[Start of Attachment]

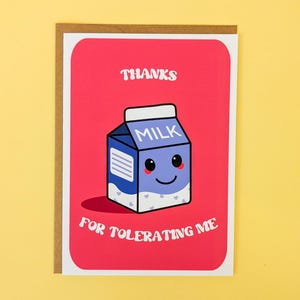 Carte Merci de m'avoir toléré / / Carte de voeux drôle d'anniversaire de lait pour femme mari petite amie petit ami partenaire ami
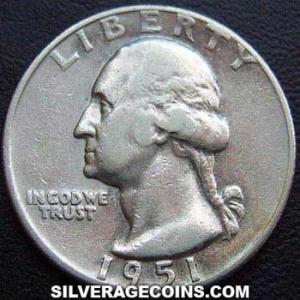 1951 D United States "Washington" Silver Quarter Dollar (Obverse)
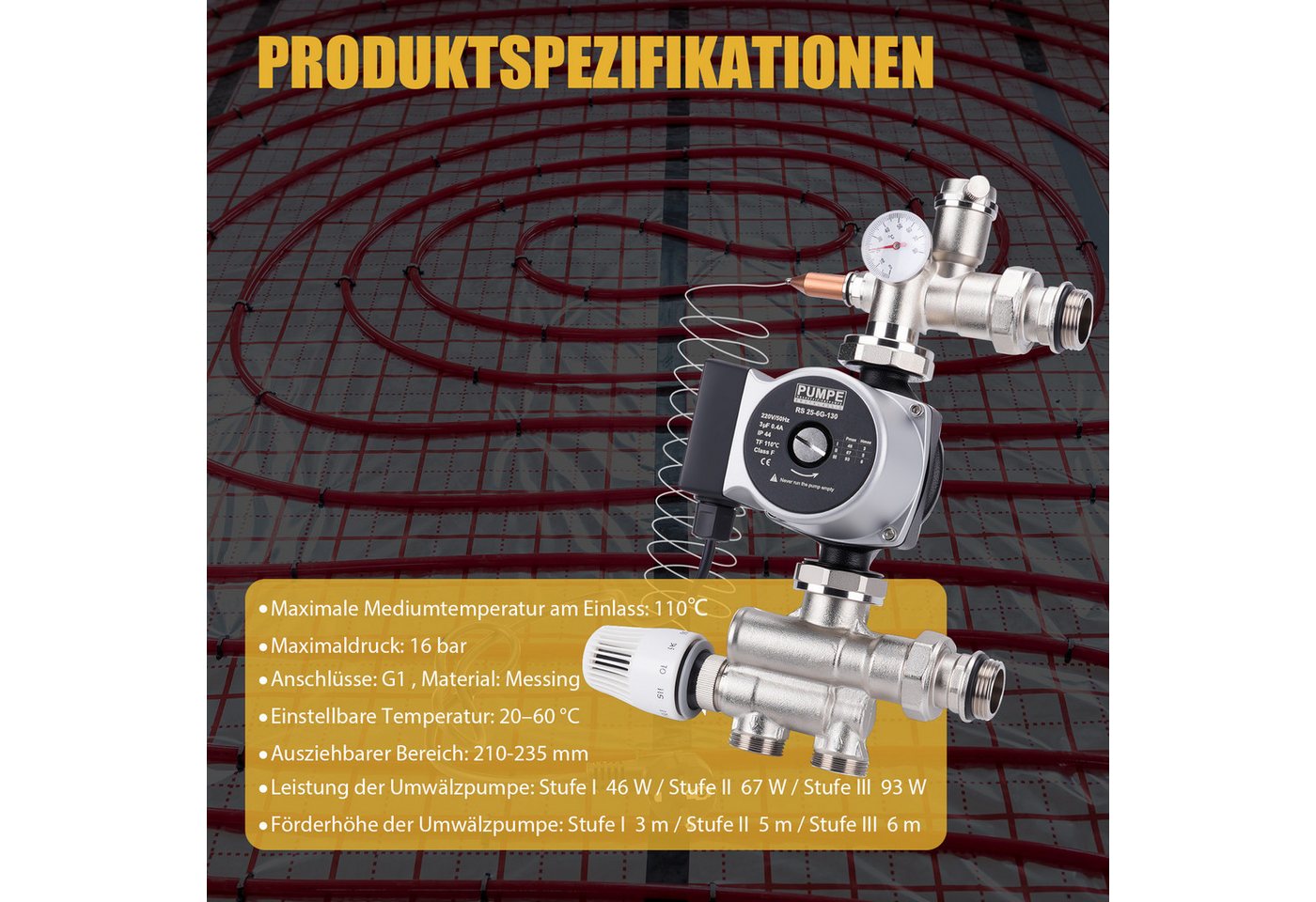XERSEK Heizkreisverteiler Festwertregelset für Fußbodenheizung, Festwertregelung Wärmeverteiler (3-stufig Umwälzpumpe Max. Förderh. 6m & 93W, 20–60 °C, Ausz.210-235 mm), Heizkreis-Mischgruppe Mischventil Kompatibel mit Zentralheizungen Bild 2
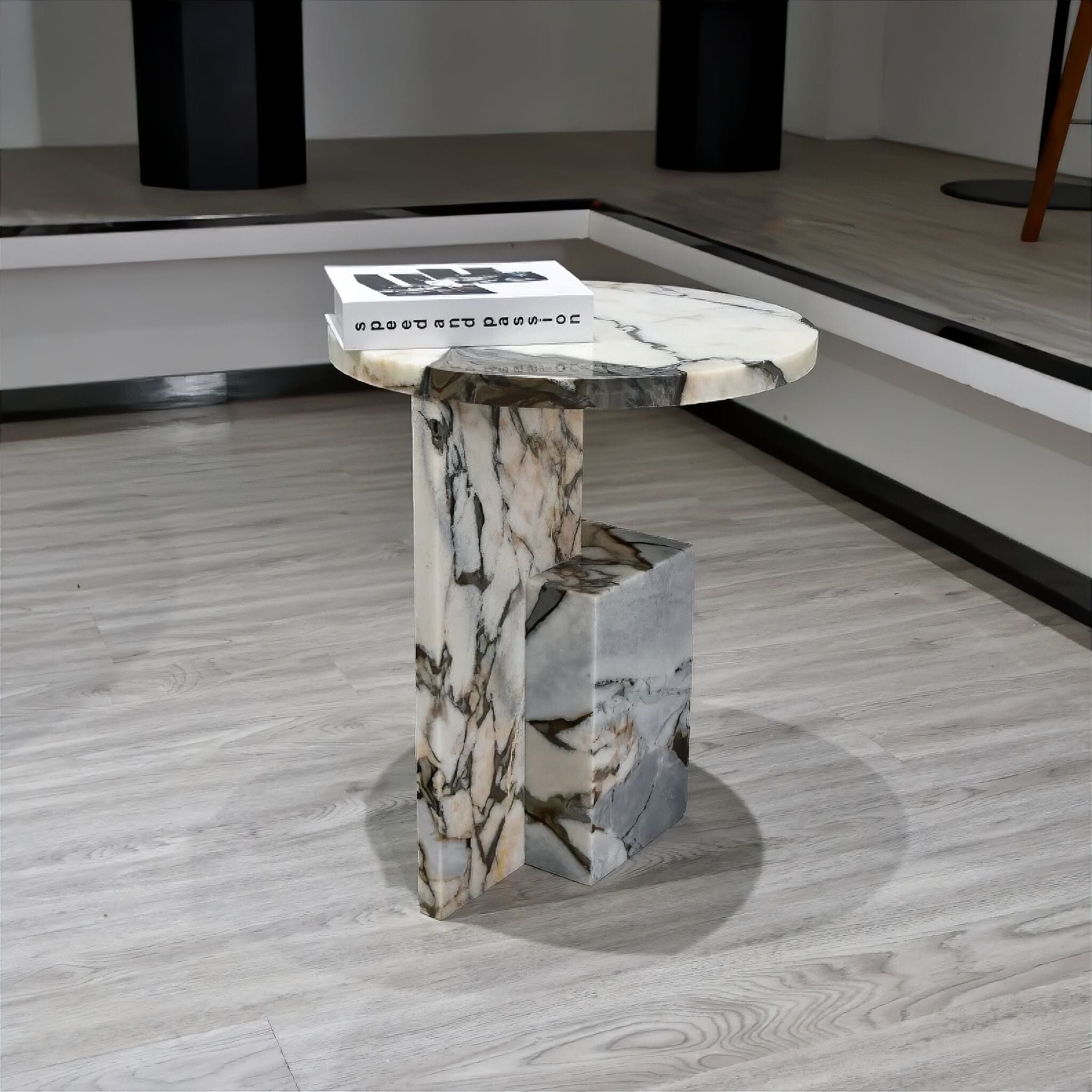 Modern Nordic Style Natural Stone Side Table | Victoria Queen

[End of Attachment]

_TASK ITEM_
Retype all of the data above word for word, excluding the pictures.

_FINAL ANSWER_
 Carte Merci de m'avoir toléré / / Carte de voeux drôle d'anniversaire de lait pour femme mari petite amie petit ami partenaire ami
 1951 D United States "Washington" Silver Quarter Dollar (Obverse)
XERSEK Heizkreisverteiler Festwertregelset für Fußbodenheizung, Festwertregelung Wärmeverteiler (3-stufig Umwälzpumpe Max. Förderh. 6m & 93W, 20–60 °C, Ausz.210-235 mm), Heizkreis-Mischgruppe Mischventil Kompatibel mit Zentralheizungen Bild 2
 Modern Nordic Style Natural Stone Side Table | Victoria Queen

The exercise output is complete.